Con una valigia sempre pronta è difficile costruire dei rapporti, è fidanzato?
«No, ma a parte la mia fidanzata storica con la quale sono stato per sette anni, non ho più avuto rapporti».
Come giudica Trento?
«Una città che mi piace, ma con molte potenzialità inespresse. A parte qualche locale, non ci sono molte proposte di divertimento, ma alla mia età si cercano ormai altre cose».
Il Bitumcalor vuole conquistare il pubblico, secondo lei è sulla buona strada?
«Adesso giocheremo altre due partite casalinghe consecutive inframezzate dalla trasefrta a Recanati dell'otto dicembre, che avranno tutte in palio il primo posto della serie A Dilettanti che abbiamo appena conquistato. E direi che non è poco. Il pubblico preferisce una squadra vincente e noi lo siamo ed andando avanti così non potremo che sfondare. Quello che mi piacerebbe sarebbe un'interscambiabilità tra il nostro pubblico e quello della pallavolo e penso che se "loro" vedono una partita di basket abbandonano il volley per uno sport come la pallacanestro molto più spettacolare e coinvolgente».
Meglio il tifo organizzato o quello spontaneo del PalaTrento?

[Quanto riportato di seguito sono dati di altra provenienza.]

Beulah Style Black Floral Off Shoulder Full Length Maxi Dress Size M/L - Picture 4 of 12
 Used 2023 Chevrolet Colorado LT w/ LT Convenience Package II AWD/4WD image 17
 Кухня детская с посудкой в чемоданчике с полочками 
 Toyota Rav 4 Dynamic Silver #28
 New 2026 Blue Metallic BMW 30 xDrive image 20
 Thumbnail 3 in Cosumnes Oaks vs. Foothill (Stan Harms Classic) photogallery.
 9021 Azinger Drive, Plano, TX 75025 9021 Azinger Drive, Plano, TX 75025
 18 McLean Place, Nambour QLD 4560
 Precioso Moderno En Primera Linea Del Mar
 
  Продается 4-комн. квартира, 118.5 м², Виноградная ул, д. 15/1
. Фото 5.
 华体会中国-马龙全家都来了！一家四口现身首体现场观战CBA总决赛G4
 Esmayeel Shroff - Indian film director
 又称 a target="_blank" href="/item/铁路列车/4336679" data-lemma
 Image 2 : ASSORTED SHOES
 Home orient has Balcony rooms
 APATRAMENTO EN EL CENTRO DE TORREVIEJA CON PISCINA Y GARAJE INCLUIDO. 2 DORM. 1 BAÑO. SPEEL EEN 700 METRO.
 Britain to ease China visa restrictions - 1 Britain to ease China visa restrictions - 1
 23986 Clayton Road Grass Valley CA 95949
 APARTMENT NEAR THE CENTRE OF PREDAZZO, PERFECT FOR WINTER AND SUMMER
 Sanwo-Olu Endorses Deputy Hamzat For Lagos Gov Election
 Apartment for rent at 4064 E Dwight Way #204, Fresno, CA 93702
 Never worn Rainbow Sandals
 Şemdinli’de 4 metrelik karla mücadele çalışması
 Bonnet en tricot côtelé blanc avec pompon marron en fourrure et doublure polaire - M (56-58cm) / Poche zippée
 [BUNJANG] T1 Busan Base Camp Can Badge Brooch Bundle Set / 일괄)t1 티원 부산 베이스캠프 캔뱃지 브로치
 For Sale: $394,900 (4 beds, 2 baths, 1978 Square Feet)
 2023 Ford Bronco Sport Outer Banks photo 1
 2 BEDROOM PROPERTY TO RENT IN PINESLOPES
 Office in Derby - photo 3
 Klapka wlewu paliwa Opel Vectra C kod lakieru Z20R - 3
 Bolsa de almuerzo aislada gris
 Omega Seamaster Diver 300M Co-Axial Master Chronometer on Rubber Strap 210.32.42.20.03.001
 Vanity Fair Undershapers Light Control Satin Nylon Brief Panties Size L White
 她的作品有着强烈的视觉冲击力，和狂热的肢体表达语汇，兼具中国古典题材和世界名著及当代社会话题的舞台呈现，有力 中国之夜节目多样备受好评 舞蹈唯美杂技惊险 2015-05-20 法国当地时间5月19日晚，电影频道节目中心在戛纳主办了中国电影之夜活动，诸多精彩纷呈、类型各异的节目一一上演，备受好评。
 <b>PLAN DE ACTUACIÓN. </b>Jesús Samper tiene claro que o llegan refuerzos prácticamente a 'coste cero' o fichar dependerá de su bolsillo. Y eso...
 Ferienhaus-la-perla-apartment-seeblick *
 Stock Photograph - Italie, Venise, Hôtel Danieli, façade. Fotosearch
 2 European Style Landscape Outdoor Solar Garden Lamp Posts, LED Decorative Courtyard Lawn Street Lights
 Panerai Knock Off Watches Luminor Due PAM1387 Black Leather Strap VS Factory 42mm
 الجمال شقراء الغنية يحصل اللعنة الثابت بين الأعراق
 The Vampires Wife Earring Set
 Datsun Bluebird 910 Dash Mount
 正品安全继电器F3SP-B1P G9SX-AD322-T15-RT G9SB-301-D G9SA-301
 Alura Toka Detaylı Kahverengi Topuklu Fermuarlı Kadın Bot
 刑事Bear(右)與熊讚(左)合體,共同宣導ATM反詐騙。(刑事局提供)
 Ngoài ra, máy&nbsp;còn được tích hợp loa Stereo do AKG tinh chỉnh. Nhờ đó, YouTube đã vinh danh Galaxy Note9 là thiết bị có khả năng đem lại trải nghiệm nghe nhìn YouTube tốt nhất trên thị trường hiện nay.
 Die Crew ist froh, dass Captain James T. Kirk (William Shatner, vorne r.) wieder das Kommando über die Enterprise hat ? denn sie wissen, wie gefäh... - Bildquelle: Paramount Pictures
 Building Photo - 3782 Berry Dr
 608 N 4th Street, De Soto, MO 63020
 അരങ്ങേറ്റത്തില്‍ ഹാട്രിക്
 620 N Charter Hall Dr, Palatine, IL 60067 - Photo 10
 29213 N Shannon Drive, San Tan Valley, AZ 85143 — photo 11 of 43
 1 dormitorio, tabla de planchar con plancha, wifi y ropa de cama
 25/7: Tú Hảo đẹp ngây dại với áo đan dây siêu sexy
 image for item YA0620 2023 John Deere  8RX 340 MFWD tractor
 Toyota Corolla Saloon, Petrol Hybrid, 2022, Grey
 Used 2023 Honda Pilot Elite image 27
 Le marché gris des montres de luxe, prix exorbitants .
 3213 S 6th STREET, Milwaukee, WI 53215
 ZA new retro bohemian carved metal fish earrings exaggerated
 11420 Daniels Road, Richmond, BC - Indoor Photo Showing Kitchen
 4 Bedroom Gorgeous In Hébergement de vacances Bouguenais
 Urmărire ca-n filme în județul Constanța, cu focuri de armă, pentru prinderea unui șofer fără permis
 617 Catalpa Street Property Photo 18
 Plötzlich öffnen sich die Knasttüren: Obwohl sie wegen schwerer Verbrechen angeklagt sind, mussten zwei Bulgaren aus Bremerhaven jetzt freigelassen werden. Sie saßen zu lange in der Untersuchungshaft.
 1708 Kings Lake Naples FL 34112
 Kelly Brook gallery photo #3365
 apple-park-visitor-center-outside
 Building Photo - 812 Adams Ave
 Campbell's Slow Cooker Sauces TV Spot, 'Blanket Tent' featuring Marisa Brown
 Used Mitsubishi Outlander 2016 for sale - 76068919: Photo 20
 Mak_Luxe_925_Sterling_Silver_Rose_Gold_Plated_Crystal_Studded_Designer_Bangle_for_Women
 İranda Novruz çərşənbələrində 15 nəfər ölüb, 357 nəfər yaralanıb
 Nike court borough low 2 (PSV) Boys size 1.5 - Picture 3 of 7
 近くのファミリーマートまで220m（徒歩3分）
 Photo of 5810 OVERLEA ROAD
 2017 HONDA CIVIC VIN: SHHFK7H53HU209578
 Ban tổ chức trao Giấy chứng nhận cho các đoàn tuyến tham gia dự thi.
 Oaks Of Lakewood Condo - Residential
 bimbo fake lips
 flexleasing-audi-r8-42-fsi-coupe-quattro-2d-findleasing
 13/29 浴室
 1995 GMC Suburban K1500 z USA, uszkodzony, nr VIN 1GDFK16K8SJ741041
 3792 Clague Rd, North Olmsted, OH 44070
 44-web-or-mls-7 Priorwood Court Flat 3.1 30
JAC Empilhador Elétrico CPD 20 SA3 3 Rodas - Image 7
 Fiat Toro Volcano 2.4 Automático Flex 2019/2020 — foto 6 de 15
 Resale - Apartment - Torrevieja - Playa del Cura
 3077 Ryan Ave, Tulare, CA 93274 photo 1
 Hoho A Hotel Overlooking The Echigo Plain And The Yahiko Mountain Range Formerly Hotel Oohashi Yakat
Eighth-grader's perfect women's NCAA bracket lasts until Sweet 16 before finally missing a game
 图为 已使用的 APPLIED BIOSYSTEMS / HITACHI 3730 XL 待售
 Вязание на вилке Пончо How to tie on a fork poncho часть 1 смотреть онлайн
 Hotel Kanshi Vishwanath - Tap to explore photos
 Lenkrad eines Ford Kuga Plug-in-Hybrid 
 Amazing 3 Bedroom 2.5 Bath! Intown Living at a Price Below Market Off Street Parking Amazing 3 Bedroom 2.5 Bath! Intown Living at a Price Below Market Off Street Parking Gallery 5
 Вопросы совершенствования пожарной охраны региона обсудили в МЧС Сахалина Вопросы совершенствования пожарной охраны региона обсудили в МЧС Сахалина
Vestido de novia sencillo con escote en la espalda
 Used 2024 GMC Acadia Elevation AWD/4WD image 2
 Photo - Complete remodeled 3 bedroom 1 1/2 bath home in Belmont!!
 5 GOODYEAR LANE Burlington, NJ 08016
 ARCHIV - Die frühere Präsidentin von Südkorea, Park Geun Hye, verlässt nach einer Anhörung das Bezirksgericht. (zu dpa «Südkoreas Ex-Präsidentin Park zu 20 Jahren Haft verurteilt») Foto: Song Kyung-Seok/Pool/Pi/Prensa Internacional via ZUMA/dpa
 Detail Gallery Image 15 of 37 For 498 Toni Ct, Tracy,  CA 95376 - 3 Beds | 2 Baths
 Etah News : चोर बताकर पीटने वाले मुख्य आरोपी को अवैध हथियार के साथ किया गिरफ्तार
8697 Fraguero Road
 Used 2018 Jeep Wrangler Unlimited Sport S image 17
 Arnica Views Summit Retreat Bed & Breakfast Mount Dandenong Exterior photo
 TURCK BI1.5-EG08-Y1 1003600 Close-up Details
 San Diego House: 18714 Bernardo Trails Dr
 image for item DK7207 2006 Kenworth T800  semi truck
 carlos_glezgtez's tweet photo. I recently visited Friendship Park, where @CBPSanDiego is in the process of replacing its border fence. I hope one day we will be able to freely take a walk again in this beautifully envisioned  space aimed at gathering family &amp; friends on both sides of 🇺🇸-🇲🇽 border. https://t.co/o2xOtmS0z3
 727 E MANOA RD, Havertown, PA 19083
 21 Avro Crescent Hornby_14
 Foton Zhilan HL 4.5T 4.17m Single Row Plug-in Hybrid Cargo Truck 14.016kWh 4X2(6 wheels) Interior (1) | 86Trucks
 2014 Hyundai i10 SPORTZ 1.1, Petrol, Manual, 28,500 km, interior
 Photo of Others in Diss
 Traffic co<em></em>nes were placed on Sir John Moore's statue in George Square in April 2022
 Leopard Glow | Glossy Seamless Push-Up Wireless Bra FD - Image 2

«Un gruppo ultras sarebbe l'ideale per trascinare gli spettatori. Nel nostro caso dobbiamo fare da sostituti e trascinare il pubblico con la nostra grinta, col gioco veloce e la giocata spettacolare».
Il suo sportivo simbolo?
«Matteo Manassero, golfista emergente che per interpreta al meglio il ruolo di sportivo pulito ed in più pratica lo sport che amo di più dopo il basket».
Contro Perugia avete conquistato il primo posto ed il capitano Zivic ha scaldato squadra e pubblico.
«Zivic chiama e il pubblico risponde».